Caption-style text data
__________________________________________________
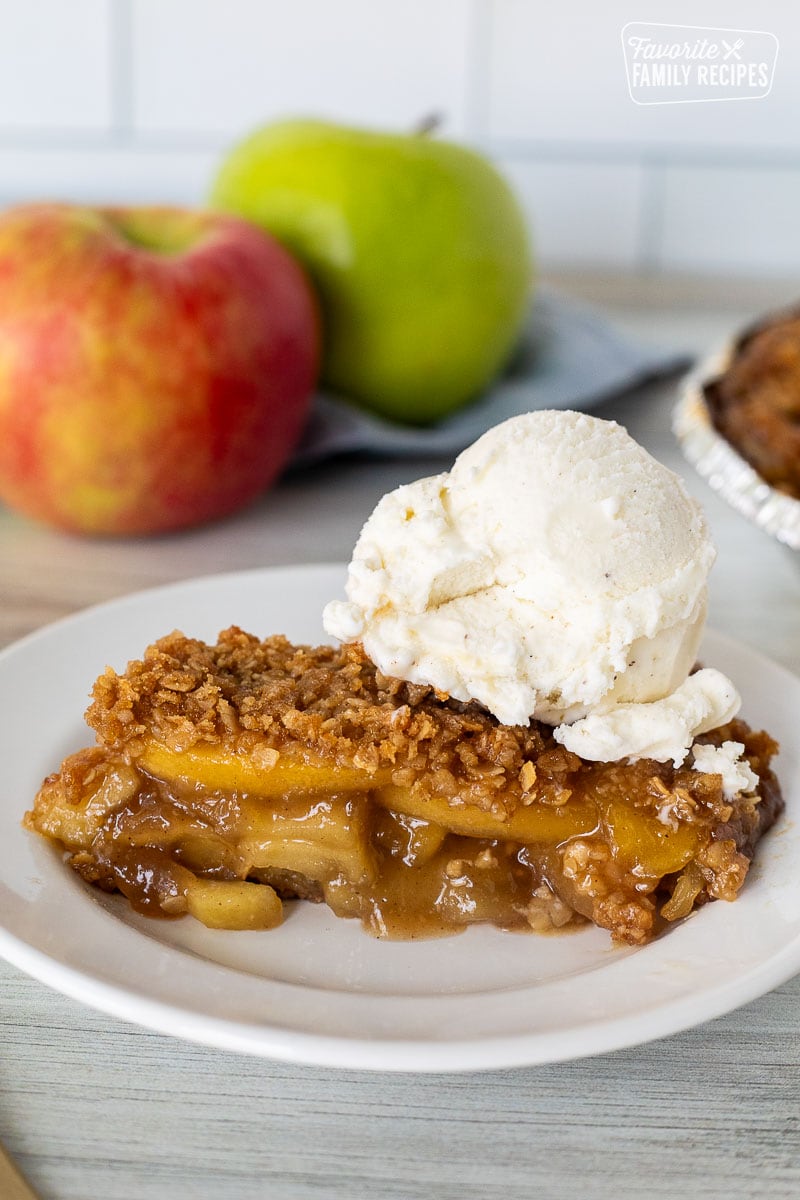 Slice of Gluten Free Apple Pie on a plate with a large scoop of vanilla ice cream on top.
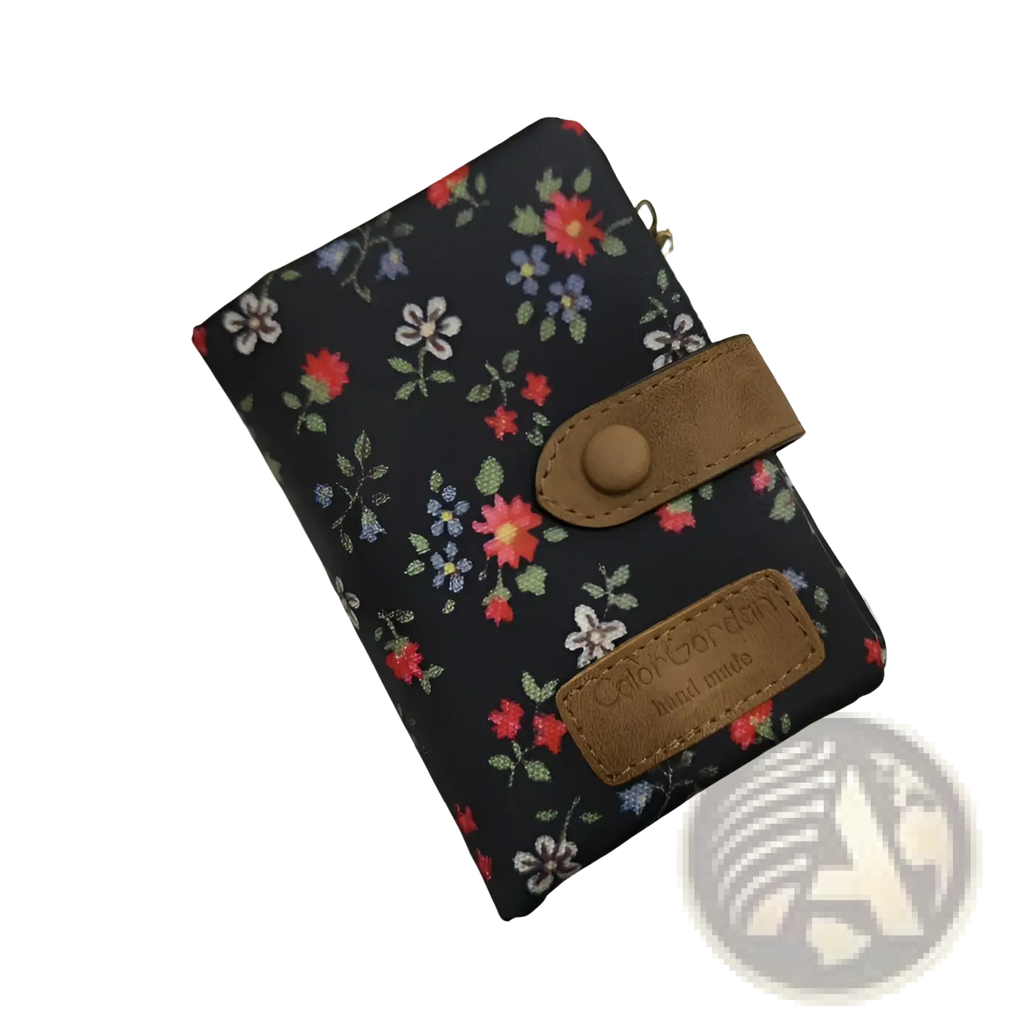 Whimsical patterned canvas tri fold multi card wallet in black floral with brown leather accents and brass charm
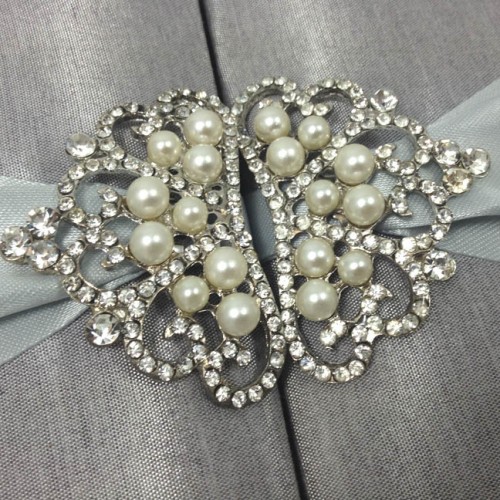 Silver pearl brooch in shape of a crown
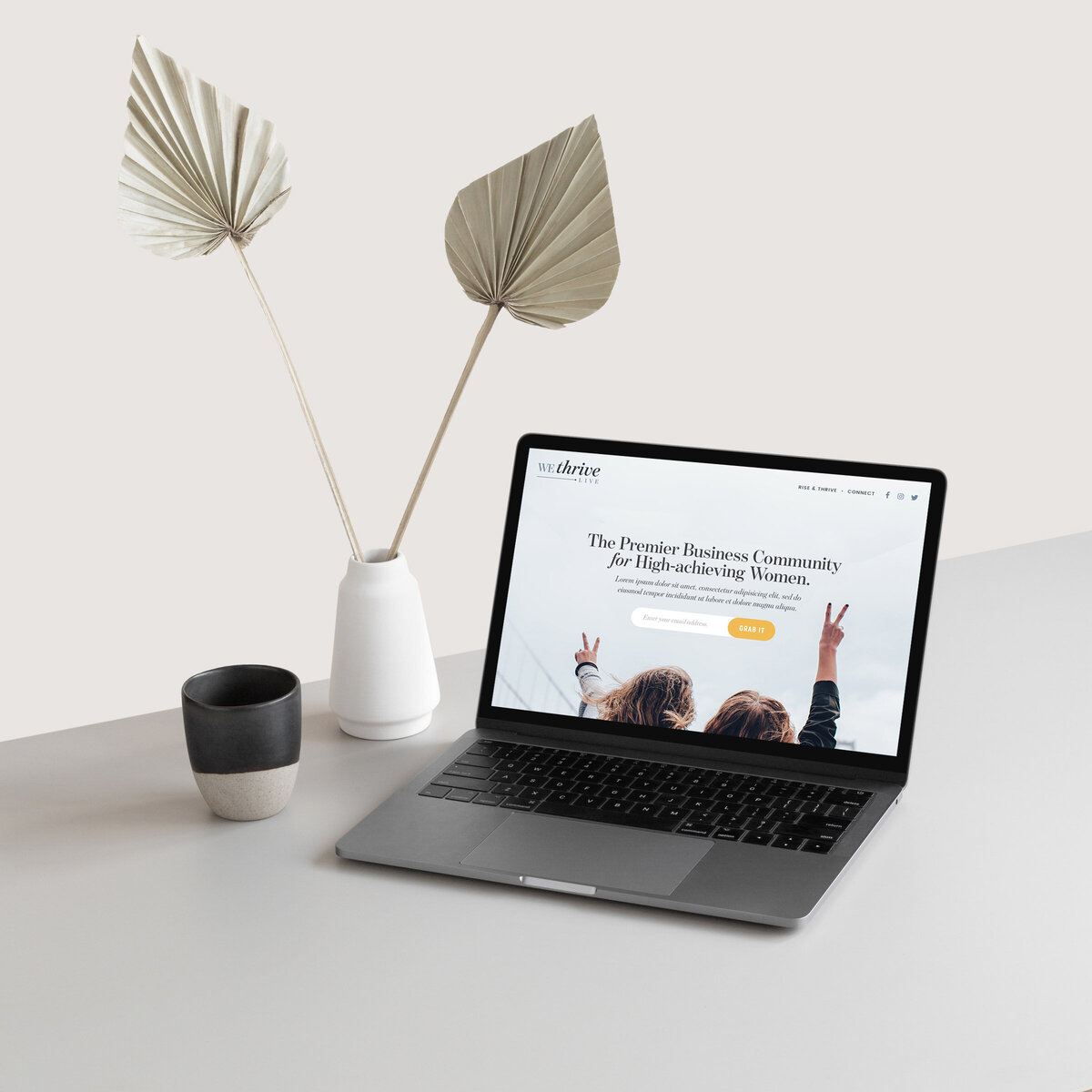business coach website design mocked up on a laptop scene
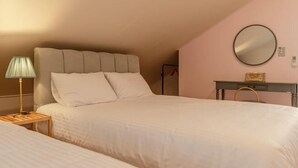 Une chambre à coucher avec un grand lit, une table de chevet avec une lampe, une commode et un miroir au mur.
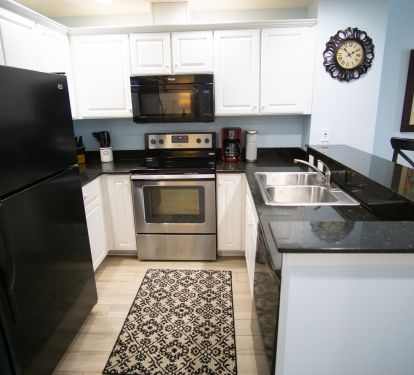 Kitchen stocked with dishes, pots/pans, utensils, and even some seasonings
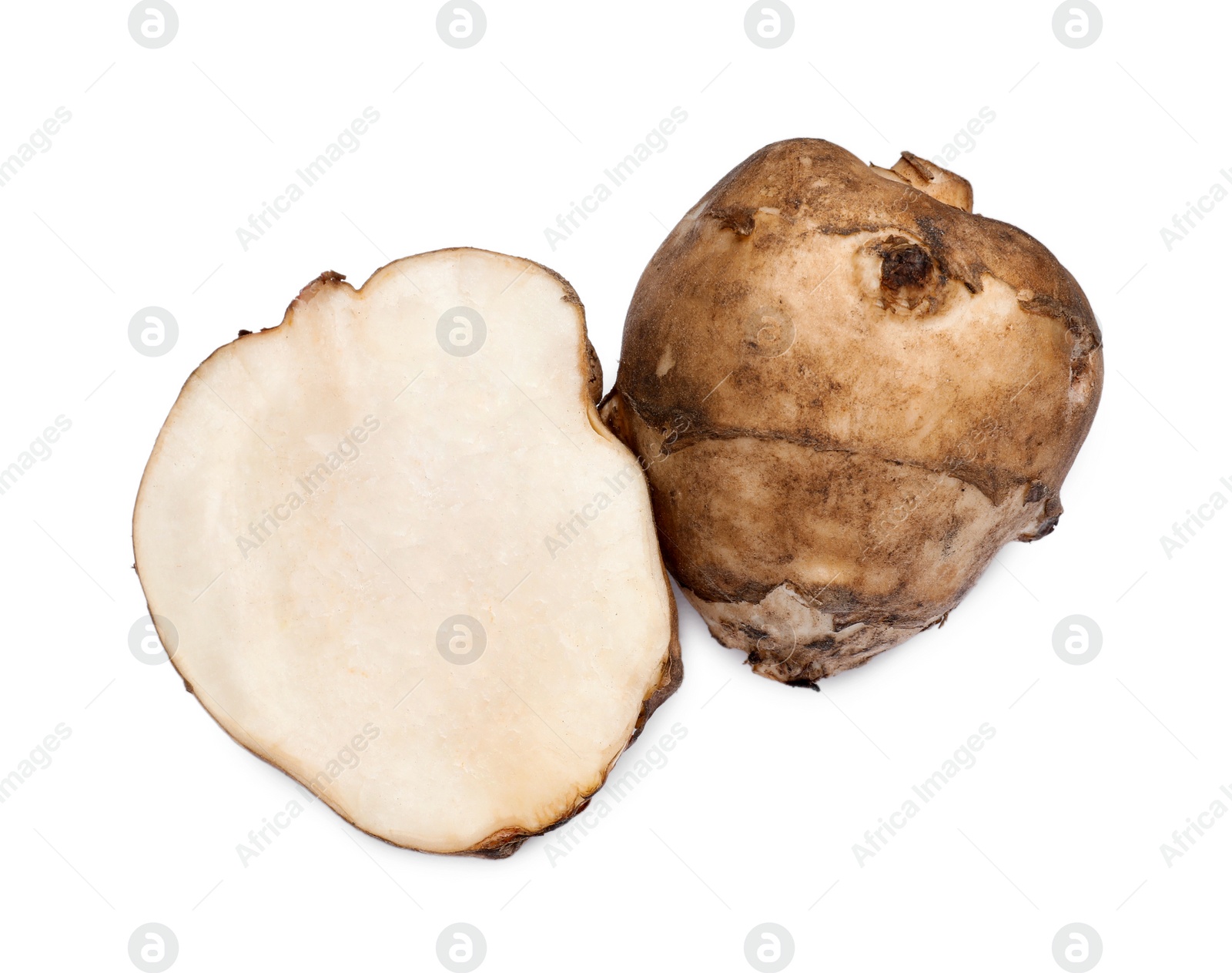 Photo of Whole and cut Jerusalem artichokes isolated on white, top view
__________________________________________________
Please output all of the entries above exactly, but without any picture.

● **REPLY**
 Slice of Gluten Free Apple Pie on a plate with a large scoop of vanilla ice cream on top.
 Whimsical patterned canvas tri fold multi card wallet in black floral with brown leather accents and brass charm
 Silver pearl brooch in shape of a crown
business coach website design mocked up on a laptop scene
 Une chambre à coucher avec un grand lit, une table de chevet avec une lampe, une commode et un miroir au mur.
 Kitchen stocked with dishes, pots/pans, utensils, and even some seasonings
 Photo of Whole and cut Jerusalem artichokes isolated on white, top view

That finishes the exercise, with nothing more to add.